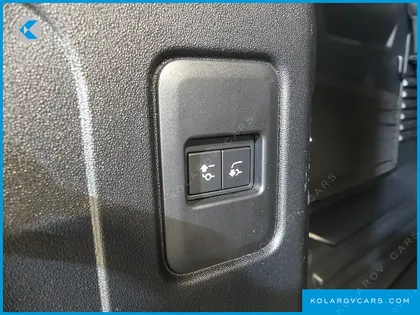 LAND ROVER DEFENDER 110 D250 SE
==
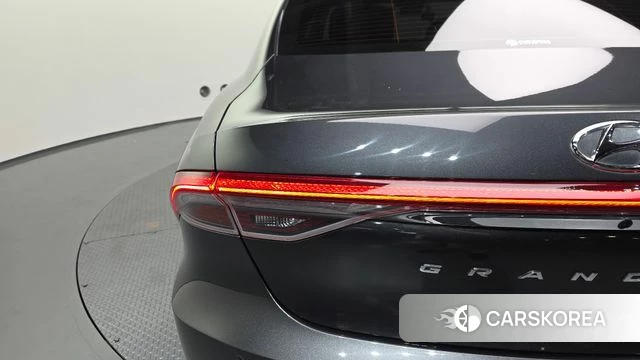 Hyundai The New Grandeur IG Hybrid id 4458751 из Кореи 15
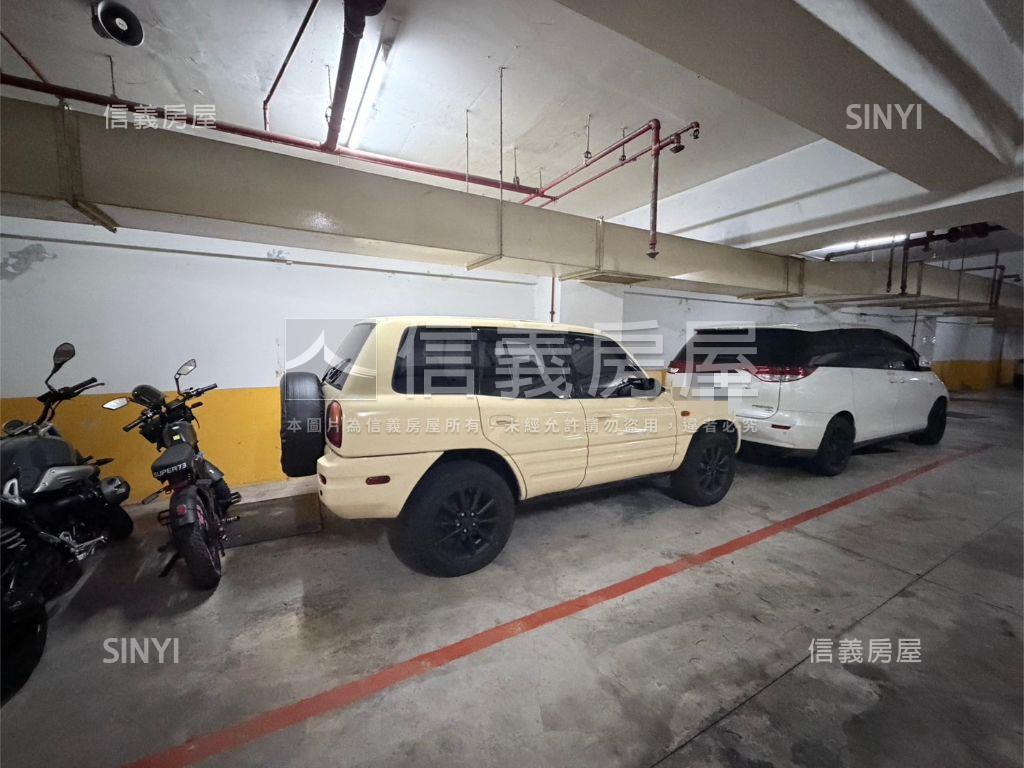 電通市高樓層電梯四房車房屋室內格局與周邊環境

→ **Work request**:
Given the records above, return the lines starting at the one that holds "Hyundai The New" and ending at the one that holds "電通市高樓層電梯四房車房屋室內格局與周邊環境", exactly, and nothing besides; leave every picture out.

→ **Final answer**:
 Hyundai The New Grandeur IG Hybrid id 4458751 из Кореи 15
 電通市高樓層電梯四房車房屋室內格局與周邊環境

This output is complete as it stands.